ロータスといえば、第二次大戦終結から間もない1948年、コリン・チャップマンという若者が造り上げた小さなスペシャルに始まるイギリスのスポーツカーメーカー。その成長期の1950~60年代には超軽量設計を特徴とするスポーツカーやレーシングカーを数多く輩出したことによって、小型軽量でハンドリングに優れたクルマを生み出すブランドとして世界中のエンスージアストから認知され、マニアに熱く支持されてきた。

ロータスはこれまでの歴史のなかで何度かの転機を経てきたが、実は今また新しい転機を迎えている。

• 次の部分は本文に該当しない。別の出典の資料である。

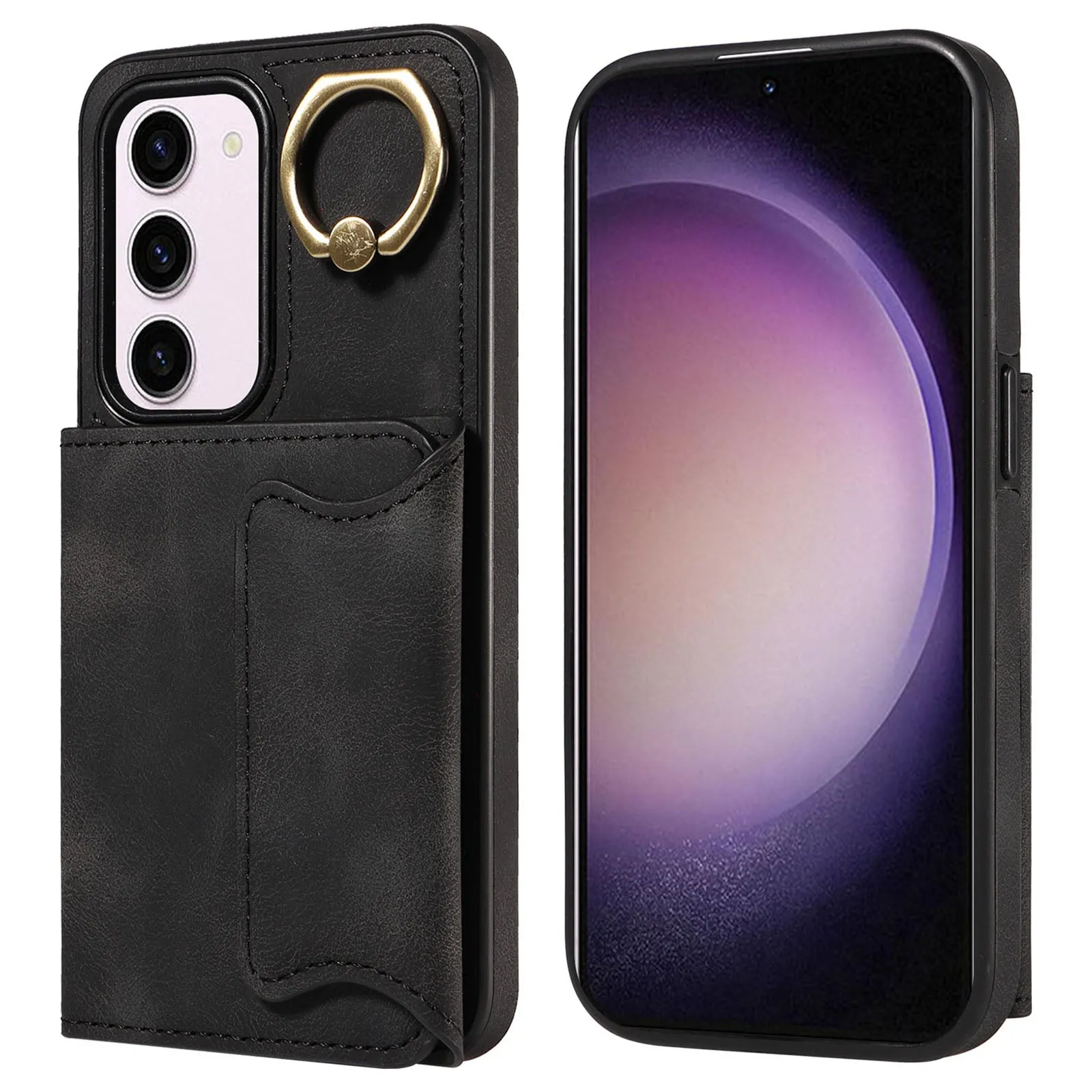 001 PU Leather TPU Back Cover for Samsung Galaxy S23 Ring Kickstand Phone Case with Card Holder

1995年以来、マレーシアのプロトンがスポンサーであることに変わりはないが、2009年にフェラーリから新しいCEOとチーフデザイナーを迎え入れ、去年のパリサロンにこれまでのロータスより大きいサイズのコンセプトカーを5台も出展、それらすべての実車を2015年までに市販に移すという大胆な計画を公表した。

つまり今のロータスは、チャップマンが築いた小型軽量で先鋭的なスポーツカーを生み出すエンスージアスト向けのスペシャルなメーカーというスタイルから、高性能で高価なスポーツカーを富裕層に向けて送り出すフェラーリやアストンマーティンのようなブランドへと、大きく変身しようとしているわけだ。

 

そういう新たなる野望に燃えた現行ロータスから、従来型で最も上級のモデルである3.5リッターV6ミドエンジンのエヴォーラに、2つのバリエーションが追加された。1970年代半ばに発表され、90年代初頭まで生き残った2代目エリート/エクラ/エクセルのAT仕様以来およそ20年ぶりの2ペダルロータスとなる「エヴォーラIPS」と、MTの高性能版「エヴォーラS」がそれである。